Indefinição tributária

No ano em que completa 20 anos de existência, a CP já está consolidada como fornecedor de equipamentos de energia no Brasil. Conta hoje com 102 empregados, desenvolve sua própria tecnologia, propiciando um alto grau de nacionalização dos produtos que fabrica.

Temos orgulho de poder participar de projetos ambiciosos como o do Banco Postal, que vai transformar uma agência dos Correios em agência bancária em cidades que até hoje não contam com este serviço. Em cada uma dessas distantes cidades, lá estará um No-Break da CP, e por trás disso toda a nossa estrutura de atendimento.

Contudo, neste momento, as grandes empresas multinacionais fabricantes de computadores estão fazendo pressão junto ao Governo Federal no sentido de antecipar para já a redução de alíquotas do Imposto de Importação sobre partes e peças de computador, que estava prevista para ocorrer somente em 2006. Esse movimento seria meritório se estivesse limitado somente às partes e peças necessárias para produzir no Brasil computadores mais baratos. No entanto, nas listagens sob análise do Governo Federal foram incluídos muitos produtos fabricados pelas grandes multinacionais, entre os quais encontramos o No-Break.

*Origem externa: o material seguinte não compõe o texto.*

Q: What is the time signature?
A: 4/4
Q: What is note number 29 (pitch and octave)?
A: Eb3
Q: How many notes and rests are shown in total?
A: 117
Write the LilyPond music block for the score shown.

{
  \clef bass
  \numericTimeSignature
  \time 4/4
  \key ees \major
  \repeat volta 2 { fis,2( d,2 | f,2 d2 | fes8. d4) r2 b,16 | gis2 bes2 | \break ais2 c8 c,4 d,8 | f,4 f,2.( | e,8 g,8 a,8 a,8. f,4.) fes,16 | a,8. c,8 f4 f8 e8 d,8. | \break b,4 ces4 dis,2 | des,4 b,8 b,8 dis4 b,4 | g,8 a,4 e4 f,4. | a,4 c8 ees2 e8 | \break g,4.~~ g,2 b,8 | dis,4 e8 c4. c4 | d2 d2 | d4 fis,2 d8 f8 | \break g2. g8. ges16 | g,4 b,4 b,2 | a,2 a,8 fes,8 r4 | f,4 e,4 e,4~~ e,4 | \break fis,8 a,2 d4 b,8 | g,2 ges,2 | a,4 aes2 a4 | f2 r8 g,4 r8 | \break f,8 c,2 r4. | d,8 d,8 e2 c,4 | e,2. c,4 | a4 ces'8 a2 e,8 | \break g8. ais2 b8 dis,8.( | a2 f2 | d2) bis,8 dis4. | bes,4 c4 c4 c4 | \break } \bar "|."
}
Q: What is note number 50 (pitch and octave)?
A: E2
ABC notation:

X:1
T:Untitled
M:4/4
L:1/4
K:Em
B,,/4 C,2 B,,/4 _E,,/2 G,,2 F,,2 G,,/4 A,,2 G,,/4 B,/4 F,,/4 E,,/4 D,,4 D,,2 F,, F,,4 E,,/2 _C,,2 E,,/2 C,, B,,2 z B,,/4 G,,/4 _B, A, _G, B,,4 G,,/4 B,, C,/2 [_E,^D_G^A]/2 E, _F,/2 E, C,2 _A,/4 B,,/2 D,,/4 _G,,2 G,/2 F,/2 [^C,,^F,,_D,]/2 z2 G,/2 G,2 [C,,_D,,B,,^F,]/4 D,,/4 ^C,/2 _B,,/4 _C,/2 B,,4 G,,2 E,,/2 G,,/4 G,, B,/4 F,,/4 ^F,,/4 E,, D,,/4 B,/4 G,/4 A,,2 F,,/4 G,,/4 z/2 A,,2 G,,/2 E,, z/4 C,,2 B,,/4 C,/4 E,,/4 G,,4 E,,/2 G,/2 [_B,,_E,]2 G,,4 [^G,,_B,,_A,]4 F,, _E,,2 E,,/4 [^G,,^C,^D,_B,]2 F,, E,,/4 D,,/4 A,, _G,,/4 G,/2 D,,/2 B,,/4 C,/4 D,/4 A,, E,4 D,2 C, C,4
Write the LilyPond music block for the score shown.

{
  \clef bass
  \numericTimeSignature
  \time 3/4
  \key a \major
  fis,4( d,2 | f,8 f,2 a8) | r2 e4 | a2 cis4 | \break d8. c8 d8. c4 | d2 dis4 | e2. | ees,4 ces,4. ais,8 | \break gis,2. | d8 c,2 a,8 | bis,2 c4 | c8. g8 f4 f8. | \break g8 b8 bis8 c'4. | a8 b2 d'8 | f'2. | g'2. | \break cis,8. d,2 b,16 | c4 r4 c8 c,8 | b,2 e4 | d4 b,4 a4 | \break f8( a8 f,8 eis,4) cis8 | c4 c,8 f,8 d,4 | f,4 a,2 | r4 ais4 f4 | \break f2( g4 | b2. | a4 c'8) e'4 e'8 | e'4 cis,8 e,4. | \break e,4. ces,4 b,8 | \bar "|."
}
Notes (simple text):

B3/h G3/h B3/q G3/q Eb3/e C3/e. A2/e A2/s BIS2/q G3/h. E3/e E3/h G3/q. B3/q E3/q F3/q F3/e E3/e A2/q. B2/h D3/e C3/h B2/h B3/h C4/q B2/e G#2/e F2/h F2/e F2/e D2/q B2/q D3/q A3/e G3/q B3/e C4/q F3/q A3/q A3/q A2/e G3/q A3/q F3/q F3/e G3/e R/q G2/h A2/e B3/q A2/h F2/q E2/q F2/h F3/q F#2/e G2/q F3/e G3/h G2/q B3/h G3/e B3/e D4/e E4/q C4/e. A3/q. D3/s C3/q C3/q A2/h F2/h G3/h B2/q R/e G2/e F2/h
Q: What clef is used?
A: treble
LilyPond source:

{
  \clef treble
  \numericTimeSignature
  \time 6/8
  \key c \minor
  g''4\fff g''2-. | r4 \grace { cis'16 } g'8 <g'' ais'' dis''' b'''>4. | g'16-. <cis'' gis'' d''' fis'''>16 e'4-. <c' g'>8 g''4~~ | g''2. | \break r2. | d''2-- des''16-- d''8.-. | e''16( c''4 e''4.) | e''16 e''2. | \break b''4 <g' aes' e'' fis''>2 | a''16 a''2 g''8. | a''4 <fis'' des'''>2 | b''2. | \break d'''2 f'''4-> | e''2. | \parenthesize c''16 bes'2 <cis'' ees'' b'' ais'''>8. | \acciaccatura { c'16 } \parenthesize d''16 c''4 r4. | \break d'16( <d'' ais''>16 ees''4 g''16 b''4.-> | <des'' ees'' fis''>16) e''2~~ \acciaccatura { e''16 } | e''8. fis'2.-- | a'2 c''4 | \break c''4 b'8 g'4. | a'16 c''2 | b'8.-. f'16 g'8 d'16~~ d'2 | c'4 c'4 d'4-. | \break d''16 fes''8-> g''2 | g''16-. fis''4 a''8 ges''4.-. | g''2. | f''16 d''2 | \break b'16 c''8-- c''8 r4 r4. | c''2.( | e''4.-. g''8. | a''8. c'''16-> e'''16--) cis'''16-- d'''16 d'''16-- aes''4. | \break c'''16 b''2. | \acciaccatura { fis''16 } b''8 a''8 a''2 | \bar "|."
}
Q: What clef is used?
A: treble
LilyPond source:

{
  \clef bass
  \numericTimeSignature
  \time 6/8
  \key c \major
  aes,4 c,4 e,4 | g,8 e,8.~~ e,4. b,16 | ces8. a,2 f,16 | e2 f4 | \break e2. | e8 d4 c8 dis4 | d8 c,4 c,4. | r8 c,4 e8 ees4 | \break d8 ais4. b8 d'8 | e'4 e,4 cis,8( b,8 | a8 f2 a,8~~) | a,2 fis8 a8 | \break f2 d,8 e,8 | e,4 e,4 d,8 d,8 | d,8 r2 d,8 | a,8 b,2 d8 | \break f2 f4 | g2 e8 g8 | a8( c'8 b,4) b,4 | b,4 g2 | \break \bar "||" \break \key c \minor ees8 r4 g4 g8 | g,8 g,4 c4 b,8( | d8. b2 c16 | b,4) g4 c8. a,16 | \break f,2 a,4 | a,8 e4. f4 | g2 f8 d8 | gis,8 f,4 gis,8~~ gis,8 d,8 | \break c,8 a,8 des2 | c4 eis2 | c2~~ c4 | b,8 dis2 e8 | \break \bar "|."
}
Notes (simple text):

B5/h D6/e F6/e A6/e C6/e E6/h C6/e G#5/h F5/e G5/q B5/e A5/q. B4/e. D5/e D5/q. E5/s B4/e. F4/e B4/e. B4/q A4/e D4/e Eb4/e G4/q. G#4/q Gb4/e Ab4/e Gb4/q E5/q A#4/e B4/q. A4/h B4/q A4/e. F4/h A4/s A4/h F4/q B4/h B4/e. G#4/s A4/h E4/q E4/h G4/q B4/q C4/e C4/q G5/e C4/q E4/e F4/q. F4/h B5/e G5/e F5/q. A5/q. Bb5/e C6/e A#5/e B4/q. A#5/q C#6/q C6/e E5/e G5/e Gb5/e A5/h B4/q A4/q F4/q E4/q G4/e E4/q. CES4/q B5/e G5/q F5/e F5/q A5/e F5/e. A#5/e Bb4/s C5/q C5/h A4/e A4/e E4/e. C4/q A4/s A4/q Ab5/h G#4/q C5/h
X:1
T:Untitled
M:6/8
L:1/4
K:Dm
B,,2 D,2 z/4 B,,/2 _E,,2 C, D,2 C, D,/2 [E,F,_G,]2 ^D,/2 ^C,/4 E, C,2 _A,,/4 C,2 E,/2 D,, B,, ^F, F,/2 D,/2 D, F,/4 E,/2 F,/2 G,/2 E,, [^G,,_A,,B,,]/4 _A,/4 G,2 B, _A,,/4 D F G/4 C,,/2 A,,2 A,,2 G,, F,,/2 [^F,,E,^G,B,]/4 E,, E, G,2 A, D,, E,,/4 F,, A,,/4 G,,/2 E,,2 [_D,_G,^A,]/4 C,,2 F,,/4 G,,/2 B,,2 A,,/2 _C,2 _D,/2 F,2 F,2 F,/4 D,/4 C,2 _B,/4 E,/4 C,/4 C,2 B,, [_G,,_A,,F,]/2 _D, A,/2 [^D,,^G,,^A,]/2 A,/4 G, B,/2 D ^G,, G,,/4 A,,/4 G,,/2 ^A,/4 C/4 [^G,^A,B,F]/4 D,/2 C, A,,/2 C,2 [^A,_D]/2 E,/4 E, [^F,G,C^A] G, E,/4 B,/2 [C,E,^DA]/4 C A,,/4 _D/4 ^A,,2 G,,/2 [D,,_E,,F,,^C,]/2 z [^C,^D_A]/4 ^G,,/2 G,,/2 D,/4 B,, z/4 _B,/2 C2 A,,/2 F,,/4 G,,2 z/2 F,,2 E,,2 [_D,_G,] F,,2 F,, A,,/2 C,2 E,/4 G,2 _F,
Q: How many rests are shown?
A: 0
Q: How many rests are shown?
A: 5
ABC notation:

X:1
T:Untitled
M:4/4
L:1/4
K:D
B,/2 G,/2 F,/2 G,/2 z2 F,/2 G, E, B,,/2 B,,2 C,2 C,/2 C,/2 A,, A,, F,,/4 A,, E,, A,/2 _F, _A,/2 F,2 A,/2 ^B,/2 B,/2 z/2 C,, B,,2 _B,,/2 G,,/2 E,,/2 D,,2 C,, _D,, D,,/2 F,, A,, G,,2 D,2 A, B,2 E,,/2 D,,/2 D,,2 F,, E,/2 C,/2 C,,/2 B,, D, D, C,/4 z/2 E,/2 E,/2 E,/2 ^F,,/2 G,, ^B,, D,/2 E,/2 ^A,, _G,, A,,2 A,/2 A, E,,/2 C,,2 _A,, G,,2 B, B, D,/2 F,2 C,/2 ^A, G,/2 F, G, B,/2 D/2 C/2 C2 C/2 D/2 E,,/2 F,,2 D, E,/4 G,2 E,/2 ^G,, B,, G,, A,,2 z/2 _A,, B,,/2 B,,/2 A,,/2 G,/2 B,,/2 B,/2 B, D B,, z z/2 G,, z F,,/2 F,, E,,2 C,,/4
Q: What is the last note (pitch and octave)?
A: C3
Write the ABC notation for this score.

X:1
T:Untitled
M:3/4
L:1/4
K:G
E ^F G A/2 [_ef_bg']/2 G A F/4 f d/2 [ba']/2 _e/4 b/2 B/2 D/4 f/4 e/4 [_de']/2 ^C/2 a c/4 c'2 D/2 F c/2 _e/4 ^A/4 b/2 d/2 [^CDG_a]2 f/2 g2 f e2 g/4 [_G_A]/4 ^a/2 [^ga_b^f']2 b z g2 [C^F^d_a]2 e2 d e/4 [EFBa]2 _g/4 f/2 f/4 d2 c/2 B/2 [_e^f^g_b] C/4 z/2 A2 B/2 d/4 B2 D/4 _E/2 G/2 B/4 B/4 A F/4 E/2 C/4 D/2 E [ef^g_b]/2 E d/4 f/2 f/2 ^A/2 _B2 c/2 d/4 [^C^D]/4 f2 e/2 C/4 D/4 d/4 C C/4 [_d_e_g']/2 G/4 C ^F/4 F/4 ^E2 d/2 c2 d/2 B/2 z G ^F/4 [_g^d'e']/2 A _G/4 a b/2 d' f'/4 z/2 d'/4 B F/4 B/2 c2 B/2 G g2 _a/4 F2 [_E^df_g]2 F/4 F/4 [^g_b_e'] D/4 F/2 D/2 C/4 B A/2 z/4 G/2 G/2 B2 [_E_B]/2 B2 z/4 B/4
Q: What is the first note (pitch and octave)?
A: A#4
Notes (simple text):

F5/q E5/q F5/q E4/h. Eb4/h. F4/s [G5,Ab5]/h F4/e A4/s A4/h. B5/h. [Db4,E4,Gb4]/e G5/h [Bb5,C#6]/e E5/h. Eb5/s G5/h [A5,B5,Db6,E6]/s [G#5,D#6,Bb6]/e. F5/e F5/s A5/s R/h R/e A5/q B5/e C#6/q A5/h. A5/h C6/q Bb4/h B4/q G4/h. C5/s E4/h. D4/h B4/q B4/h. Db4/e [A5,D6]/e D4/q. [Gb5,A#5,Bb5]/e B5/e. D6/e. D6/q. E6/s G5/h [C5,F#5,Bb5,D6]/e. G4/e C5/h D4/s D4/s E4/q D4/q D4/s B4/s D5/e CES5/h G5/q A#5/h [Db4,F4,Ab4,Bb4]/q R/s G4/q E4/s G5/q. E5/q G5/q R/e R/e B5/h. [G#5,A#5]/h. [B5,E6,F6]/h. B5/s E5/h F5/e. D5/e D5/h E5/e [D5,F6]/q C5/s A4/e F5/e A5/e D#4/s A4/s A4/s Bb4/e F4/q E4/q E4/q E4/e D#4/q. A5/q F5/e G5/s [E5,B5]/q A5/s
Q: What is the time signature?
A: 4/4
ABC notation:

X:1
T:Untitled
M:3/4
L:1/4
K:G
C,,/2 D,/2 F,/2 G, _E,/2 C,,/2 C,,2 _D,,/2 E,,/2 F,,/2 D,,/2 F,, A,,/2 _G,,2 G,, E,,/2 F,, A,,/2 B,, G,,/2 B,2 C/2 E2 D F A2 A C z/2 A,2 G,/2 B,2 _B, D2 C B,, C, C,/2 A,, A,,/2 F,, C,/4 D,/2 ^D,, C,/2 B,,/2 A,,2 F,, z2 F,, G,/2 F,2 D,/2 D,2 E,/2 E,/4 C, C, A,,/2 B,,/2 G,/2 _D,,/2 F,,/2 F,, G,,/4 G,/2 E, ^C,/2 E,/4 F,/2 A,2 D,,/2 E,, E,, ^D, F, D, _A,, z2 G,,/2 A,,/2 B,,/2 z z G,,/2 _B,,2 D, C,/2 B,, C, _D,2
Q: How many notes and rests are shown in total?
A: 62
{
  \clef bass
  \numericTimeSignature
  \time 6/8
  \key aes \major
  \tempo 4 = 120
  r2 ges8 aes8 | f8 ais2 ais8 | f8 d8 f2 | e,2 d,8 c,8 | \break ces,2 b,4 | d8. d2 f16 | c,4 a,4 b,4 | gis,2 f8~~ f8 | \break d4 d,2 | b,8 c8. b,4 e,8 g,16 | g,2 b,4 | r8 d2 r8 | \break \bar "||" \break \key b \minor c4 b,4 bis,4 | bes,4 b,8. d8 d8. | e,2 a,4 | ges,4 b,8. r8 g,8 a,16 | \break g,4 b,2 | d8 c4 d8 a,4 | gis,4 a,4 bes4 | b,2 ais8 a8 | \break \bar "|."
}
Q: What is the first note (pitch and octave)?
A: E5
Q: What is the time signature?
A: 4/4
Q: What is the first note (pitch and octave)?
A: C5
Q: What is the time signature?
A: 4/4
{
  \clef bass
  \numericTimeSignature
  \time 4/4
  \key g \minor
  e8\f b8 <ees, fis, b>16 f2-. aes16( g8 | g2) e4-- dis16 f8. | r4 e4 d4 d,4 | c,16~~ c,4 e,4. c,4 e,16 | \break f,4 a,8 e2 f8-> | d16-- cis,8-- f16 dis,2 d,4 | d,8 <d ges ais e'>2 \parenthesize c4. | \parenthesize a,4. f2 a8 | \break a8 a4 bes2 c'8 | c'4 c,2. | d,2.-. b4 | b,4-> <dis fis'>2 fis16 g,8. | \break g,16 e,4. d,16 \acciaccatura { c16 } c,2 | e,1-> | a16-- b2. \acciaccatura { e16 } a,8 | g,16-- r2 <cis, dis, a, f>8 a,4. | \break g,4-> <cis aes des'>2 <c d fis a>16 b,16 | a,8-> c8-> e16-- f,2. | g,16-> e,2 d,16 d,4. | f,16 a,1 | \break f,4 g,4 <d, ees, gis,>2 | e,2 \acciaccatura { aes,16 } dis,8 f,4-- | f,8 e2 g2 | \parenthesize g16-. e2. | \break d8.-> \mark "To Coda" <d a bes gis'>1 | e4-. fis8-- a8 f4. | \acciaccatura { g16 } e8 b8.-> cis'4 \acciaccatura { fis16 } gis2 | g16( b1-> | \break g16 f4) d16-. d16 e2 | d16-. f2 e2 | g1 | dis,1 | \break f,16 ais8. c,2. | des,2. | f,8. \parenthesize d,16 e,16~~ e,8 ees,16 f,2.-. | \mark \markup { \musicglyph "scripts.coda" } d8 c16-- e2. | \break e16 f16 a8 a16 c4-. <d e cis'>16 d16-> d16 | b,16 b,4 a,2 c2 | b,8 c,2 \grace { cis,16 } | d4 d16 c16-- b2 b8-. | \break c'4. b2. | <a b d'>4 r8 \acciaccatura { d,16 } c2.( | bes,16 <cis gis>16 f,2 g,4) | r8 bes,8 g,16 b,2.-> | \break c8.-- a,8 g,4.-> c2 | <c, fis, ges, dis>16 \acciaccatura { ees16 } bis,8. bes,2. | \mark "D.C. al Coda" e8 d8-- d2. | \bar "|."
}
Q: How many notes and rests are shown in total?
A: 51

Essa abrupta alteração nas regras do jogo não é benéfica para o Brasil, vai somente prejudicar o nosso desenvolvimento e ampliar a importação de equipamentos sem que se instale aqui uma rede de atendimento tão forte como a que hoje a CP tem instalada.

Já manifestamos nossa inconformidade junto à ABINEE e esperamos que o assunto não siga adiante sem um detido exame das repercussões da medida a ser adotada e de alternativas de menor impacto à indústria nacional.